The assertion is not true. Counter-example.
$$\begin{vmatrix}
0 & 2 & 1 & 1 \\
2 & 0 & 1 & 1 \\
1 & 1 & 0 & 2 \\
1 & 1 & 2 & 0
\end{vmatrix} $$
If entries of the matrix are distinct, then we need to show that rows (or columns) of this matrix are linearly independent. Let's do it with a $4 \times 4$ matrix and then we'll try to generalize.
$$ A = \begin{vmatrix}
0 & a & b & c \\
a & 0 & d & e \\
b & d & 0 & f \\
c & e & f & 0
\end{vmatrix}$$ where $ a \ne b \ne c \ne d \ne f \ne g$.

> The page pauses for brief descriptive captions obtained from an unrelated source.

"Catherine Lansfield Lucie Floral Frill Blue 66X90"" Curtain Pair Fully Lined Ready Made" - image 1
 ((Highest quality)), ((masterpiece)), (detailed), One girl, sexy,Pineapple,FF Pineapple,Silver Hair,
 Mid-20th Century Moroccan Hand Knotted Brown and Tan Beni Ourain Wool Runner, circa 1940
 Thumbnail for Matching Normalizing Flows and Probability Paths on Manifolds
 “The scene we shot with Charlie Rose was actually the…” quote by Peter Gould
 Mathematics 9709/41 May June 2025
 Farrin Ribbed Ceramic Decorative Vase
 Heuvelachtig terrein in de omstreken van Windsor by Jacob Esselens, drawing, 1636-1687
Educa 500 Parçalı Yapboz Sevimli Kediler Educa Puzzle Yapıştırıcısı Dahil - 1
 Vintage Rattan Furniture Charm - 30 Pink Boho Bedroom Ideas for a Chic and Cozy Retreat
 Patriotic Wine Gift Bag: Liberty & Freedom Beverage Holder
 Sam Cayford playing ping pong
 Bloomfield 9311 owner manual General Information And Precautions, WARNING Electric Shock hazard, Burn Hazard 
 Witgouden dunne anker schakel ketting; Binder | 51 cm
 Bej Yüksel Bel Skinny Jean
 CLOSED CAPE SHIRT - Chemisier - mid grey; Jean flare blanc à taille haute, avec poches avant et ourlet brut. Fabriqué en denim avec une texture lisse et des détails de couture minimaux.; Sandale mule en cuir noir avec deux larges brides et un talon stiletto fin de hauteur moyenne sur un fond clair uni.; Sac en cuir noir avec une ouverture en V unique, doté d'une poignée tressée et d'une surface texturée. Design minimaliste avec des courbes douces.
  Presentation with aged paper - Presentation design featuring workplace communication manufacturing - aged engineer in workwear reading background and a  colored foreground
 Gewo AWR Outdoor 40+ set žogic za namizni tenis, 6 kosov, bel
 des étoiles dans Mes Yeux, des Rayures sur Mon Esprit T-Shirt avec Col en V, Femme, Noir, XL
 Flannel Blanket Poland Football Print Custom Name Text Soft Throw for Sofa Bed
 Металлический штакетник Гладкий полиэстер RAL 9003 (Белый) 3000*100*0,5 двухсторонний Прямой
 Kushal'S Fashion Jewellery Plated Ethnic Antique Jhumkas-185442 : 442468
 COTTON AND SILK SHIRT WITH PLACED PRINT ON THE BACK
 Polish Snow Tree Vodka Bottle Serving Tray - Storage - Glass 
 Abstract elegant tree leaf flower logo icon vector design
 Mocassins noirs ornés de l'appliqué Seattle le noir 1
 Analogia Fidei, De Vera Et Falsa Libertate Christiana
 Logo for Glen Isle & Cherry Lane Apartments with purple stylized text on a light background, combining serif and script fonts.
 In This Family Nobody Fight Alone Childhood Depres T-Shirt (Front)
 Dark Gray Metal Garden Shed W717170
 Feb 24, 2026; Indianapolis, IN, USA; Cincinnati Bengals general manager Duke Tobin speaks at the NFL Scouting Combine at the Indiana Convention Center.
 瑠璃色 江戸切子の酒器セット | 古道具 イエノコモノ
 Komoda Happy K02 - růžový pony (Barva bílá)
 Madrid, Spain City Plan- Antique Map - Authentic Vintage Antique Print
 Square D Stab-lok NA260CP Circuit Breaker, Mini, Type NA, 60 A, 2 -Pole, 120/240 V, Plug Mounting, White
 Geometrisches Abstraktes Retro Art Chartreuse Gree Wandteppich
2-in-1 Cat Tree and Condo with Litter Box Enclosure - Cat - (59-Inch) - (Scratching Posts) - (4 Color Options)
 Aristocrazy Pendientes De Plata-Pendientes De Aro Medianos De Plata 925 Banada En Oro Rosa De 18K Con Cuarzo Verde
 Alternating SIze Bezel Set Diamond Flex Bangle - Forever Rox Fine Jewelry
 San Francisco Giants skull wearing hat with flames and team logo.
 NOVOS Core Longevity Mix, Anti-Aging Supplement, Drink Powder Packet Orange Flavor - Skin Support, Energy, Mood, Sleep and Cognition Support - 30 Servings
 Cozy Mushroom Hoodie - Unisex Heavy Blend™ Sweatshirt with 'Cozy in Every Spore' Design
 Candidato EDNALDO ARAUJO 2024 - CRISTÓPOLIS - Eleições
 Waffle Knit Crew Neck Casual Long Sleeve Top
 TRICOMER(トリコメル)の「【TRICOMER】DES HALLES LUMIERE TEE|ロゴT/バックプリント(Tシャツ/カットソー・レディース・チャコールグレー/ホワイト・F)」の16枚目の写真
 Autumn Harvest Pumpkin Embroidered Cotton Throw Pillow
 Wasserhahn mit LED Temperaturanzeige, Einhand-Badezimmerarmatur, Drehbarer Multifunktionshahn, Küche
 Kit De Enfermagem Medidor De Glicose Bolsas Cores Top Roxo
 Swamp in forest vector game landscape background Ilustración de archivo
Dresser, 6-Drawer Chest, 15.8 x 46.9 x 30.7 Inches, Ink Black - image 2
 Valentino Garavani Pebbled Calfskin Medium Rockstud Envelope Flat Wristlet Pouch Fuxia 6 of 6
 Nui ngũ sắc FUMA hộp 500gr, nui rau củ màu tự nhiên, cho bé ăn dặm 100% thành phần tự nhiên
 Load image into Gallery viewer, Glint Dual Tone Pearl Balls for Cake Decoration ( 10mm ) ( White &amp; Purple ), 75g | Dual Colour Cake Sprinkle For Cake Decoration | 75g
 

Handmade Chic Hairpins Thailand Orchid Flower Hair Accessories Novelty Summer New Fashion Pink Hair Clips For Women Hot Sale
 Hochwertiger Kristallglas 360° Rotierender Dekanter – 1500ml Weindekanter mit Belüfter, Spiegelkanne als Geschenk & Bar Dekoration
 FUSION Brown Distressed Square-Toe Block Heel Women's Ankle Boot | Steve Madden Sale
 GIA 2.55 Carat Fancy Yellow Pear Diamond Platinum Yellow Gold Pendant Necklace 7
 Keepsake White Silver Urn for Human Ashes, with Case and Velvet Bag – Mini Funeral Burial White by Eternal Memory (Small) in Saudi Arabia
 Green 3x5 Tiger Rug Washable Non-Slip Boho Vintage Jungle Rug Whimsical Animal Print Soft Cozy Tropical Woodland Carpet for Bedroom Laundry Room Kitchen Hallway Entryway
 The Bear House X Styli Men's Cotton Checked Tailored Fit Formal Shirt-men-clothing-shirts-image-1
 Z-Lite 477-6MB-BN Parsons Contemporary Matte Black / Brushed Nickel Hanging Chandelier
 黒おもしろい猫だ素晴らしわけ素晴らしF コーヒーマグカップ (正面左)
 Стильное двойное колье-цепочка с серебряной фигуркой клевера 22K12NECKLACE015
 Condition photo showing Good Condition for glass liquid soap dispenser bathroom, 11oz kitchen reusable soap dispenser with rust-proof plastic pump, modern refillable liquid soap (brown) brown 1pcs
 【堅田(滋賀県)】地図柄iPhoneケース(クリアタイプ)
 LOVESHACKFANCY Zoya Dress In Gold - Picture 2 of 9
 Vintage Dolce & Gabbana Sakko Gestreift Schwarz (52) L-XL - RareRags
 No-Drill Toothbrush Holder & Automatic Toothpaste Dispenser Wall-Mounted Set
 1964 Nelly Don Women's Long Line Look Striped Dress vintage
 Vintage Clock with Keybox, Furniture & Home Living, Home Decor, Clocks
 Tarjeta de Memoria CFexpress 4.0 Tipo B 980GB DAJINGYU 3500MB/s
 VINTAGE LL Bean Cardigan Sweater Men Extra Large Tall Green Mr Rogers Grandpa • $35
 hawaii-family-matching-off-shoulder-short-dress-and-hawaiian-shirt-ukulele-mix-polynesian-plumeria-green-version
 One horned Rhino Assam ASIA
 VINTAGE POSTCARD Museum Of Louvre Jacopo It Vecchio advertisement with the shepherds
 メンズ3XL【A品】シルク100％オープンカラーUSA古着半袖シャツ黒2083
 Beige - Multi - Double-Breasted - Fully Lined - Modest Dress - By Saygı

Assume that these rows are linearly dependent (i.e. we can write one of the rows in terms of other rows). Without loss of generality, we can write row 1 in terms of other rows. Then one must find $x_1, x_2, x_3$ (not all of them zero) such that,
$$ax_1 + bx_2 + cx_3 = 0 \\
0x_1 + dx_2 + ex_3 = a \\
dx_1 + 0x_2 + fx_3 = b \\
ex_1 + fx_2 + 0x_3 = c
$$
If we can show that there is a contradiction (i.e. there are no such $x_1, x_2, x_3$ which satisfy above system, we prove that rows of this matrix are linearly independent, thus determinant of this matrix in non-zero.